====== Available data
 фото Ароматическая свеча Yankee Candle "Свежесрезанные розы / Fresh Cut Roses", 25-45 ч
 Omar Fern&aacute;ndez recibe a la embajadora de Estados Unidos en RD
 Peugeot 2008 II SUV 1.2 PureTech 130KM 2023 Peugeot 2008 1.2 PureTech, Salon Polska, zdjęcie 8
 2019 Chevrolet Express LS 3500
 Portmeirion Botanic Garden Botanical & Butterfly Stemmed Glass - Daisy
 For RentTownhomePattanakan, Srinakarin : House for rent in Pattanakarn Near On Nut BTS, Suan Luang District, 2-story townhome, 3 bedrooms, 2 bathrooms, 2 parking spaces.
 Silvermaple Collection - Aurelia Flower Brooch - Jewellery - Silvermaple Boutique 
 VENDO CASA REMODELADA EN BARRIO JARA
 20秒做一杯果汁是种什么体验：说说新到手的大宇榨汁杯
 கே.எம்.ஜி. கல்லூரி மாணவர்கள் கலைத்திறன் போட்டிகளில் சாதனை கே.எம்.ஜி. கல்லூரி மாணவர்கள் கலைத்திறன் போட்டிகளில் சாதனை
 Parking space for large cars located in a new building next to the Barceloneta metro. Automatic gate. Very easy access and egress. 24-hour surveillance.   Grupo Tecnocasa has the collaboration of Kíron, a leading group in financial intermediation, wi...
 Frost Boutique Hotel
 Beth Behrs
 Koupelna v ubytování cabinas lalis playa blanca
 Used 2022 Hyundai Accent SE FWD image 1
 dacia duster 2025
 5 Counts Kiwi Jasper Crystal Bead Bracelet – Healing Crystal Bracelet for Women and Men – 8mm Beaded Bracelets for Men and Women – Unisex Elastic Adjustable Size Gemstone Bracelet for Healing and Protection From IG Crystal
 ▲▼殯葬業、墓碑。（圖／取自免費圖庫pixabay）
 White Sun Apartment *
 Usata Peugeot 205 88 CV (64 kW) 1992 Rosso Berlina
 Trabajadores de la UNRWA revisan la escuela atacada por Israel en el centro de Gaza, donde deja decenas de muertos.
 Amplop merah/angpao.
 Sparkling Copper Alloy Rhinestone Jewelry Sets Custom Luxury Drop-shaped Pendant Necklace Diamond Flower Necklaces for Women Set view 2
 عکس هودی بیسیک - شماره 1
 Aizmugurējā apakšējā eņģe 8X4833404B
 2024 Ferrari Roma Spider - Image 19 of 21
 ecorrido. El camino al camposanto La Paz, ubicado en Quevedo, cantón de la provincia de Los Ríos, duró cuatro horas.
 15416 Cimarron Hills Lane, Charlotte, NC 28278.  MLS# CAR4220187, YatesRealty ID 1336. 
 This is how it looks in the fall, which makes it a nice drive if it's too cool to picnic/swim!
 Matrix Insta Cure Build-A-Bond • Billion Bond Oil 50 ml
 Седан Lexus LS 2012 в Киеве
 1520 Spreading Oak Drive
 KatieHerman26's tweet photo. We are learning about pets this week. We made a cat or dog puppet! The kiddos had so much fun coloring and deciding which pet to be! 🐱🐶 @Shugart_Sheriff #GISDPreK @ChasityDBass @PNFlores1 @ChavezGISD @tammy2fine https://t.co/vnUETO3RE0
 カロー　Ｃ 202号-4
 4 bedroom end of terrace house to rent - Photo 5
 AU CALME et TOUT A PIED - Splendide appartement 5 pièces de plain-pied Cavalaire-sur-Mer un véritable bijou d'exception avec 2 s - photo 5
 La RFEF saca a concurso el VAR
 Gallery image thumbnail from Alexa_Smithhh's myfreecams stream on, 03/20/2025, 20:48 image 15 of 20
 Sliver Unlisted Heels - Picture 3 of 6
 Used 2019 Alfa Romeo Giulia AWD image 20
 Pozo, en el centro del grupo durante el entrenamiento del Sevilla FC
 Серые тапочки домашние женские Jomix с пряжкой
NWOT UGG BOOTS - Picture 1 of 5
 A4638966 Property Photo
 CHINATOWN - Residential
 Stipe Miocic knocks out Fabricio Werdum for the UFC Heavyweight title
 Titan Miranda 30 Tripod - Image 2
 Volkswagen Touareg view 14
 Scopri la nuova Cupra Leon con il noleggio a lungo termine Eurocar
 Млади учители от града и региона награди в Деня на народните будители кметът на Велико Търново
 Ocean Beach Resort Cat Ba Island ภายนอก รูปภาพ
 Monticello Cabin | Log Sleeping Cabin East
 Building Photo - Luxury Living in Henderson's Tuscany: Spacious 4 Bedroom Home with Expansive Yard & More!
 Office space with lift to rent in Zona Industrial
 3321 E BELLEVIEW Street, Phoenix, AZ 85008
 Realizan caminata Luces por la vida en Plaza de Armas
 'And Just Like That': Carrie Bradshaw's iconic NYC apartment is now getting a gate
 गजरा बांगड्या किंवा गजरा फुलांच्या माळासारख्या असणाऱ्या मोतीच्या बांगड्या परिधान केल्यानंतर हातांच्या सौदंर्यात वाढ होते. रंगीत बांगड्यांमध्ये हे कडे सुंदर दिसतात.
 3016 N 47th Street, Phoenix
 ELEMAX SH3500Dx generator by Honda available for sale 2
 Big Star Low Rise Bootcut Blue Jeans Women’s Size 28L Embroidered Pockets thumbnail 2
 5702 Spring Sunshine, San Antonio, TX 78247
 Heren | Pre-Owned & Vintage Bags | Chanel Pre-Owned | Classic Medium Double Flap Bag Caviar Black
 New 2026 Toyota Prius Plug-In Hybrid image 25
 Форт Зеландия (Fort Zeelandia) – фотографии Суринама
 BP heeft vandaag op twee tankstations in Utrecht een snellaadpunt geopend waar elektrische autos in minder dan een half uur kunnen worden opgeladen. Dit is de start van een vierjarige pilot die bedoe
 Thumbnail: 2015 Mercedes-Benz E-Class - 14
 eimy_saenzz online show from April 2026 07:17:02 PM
============
What you are asked to do
The records above must be reproduced word for word.

Exercise answer
 фото Ароматическая свеча Yankee Candle "Свежесрезанные розы / Fresh Cut Roses", 25-45 ч
 Omar Fern&aacute;ndez recibe a la embajadora de Estados Unidos en RD
 Peugeot 2008 II SUV 1.2 PureTech 130KM 2023 Peugeot 2008 1.2 PureTech, Salon Polska, zdjęcie 8
 2019 Chevrolet Express LS 3500
 Portmeirion Botanic Garden Botanical & Butterfly Stemmed Glass - Daisy
 For RentTownhomePattanakan, Srinakarin : House for rent in Pattanakarn Near On Nut BTS, Suan Luang District, 2-story townhome, 3 bedrooms, 2 bathrooms, 2 parking spaces.
 Silvermaple Collection - Aurelia Flower Brooch - Jewellery - Silvermaple Boutique 
 VENDO CASA REMODELADA EN BARRIO JARA
 20秒做一杯果汁是种什么体验：说说新到手的大宇榨汁杯
 கே.எம்.ஜி. கல்லூரி மாணவர்கள் கலைத்திறன் போட்டிகளில் சாதனை கே.எம்.ஜி. கல்லூரி மாணவர்கள் கலைத்திறன் போட்டிகளில் சாதனை
 Parking space for large cars located in a new building next to the Barceloneta metro. Automatic gate. Very easy access and egress. 24-hour surveillance.   Grupo Tecnocasa has the collaboration of Kíron, a leading group in financial intermediation, wi...
 Frost Boutique Hotel
 Beth Behrs
 Koupelna v ubytování cabinas lalis playa blanca
 Used 2022 Hyundai Accent SE FWD image 1
 dacia duster 2025
 5 Counts Kiwi Jasper Crystal Bead Bracelet – Healing Crystal Bracelet for Women and Men – 8mm Beaded Bracelets for Men and Women – Unisex Elastic Adjustable Size Gemstone Bracelet for Healing and Protection From IG Crystal
 ▲▼殯葬業、墓碑。（圖／取自免費圖庫pixabay）
 White Sun Apartment *
 Usata Peugeot 205 88 CV (64 kW) 1992 Rosso Berlina
 Trabajadores de la UNRWA revisan la escuela atacada por Israel en el centro de Gaza, donde deja decenas de muertos.
 Amplop merah/angpao.
 Sparkling Copper Alloy Rhinestone Jewelry Sets Custom Luxury Drop-shaped Pendant Necklace Diamond Flower Necklaces for Women Set view 2
 عکس هودی بیسیک - شماره 1
 Aizmugurējā apakšējā eņģe 8X4833404B
 2024 Ferrari Roma Spider - Image 19 of 21
 ecorrido. El camino al camposanto La Paz, ubicado en Quevedo, cantón de la provincia de Los Ríos, duró cuatro horas.
 15416 Cimarron Hills Lane, Charlotte, NC 28278.  MLS# CAR4220187, YatesRealty ID 1336. 
 This is how it looks in the fall, which makes it a nice drive if it's too cool to picnic/swim!
 Matrix Insta Cure Build-A-Bond • Billion Bond Oil 50 ml
 Седан Lexus LS 2012 в Киеве
 1520 Spreading Oak Drive
 KatieHerman26's tweet photo. We are learning about pets this week. We made a cat or dog puppet! The kiddos had so much fun coloring and deciding which pet to be! 🐱🐶 @Shugart_Sheriff #GISDPreK @ChasityDBass @PNFlores1 @ChavezGISD @tammy2fine https://t.co/vnUETO3RE0
 カロー　Ｃ 202号-4
 4 bedroom end of terrace house to rent - Photo 5
 AU CALME et TOUT A PIED - Splendide appartement 5 pièces de plain-pied Cavalaire-sur-Mer un véritable bijou d'exception avec 2 s - photo 5
 La RFEF saca a concurso el VAR
 Gallery image thumbnail from Alexa_Smithhh's myfreecams stream on, 03/20/2025, 20:48 image 15 of 20
 Sliver Unlisted Heels - Picture 3 of 6
 Used 2019 Alfa Romeo Giulia AWD image 20
 Pozo, en el centro del grupo durante el entrenamiento del Sevilla FC
 Серые тапочки домашние женские Jomix с пряжкой
NWOT UGG BOOTS - Picture 1 of 5
 A4638966 Property Photo
 CHINATOWN - Residential
 Stipe Miocic knocks out Fabricio Werdum for the UFC Heavyweight title
 Titan Miranda 30 Tripod - Image 2
 Volkswagen Touareg view 14
 Scopri la nuova Cupra Leon con il noleggio a lungo termine Eurocar
 Млади учители от града и региона награди в Деня на народните будители кметът на Велико Търново
 Ocean Beach Resort Cat Ba Island ภายนอก รูปภาพ
 Monticello Cabin | Log Sleeping Cabin East
 Building Photo - Luxury Living in Henderson's Tuscany: Spacious 4 Bedroom Home with Expansive Yard & More!
 Office space with lift to rent in Zona Industrial
 3321 E BELLEVIEW Street, Phoenix, AZ 85008
 Realizan caminata Luces por la vida en Plaza de Armas
 'And Just Like That': Carrie Bradshaw's iconic NYC apartment is now getting a gate
 गजरा बांगड्या किंवा गजरा फुलांच्या माळासारख्या असणाऱ्या मोतीच्या बांगड्या परिधान केल्यानंतर हातांच्या सौदंर्यात वाढ होते. रंगीत बांगड्यांमध्ये हे कडे सुंदर दिसतात.
 3016 N 47th Street, Phoenix
 ELEMAX SH3500Dx generator by Honda available for sale 2
 Big Star Low Rise Bootcut Blue Jeans Women’s Size 28L Embroidered Pockets thumbnail 2
 5702 Spring Sunshine, San Antonio, TX 78247
 Heren | Pre-Owned & Vintage Bags | Chanel Pre-Owned | Classic Medium Double Flap Bag Caviar Black
 New 2026 Toyota Prius Plug-In Hybrid image 25
 Форт Зеландия (Fort Zeelandia) – фотографии Суринама
 BP heeft vandaag op twee tankstations in Utrecht een snellaadpunt geopend waar elektrische autos in minder dan een half uur kunnen worden opgeladen. Dit is de start van een vierjarige pilot die bedoe
 Thumbnail: 2015 Mercedes-Benz E-Class - 14
 eimy_saenzz online show from April 2026 07:17:02 PM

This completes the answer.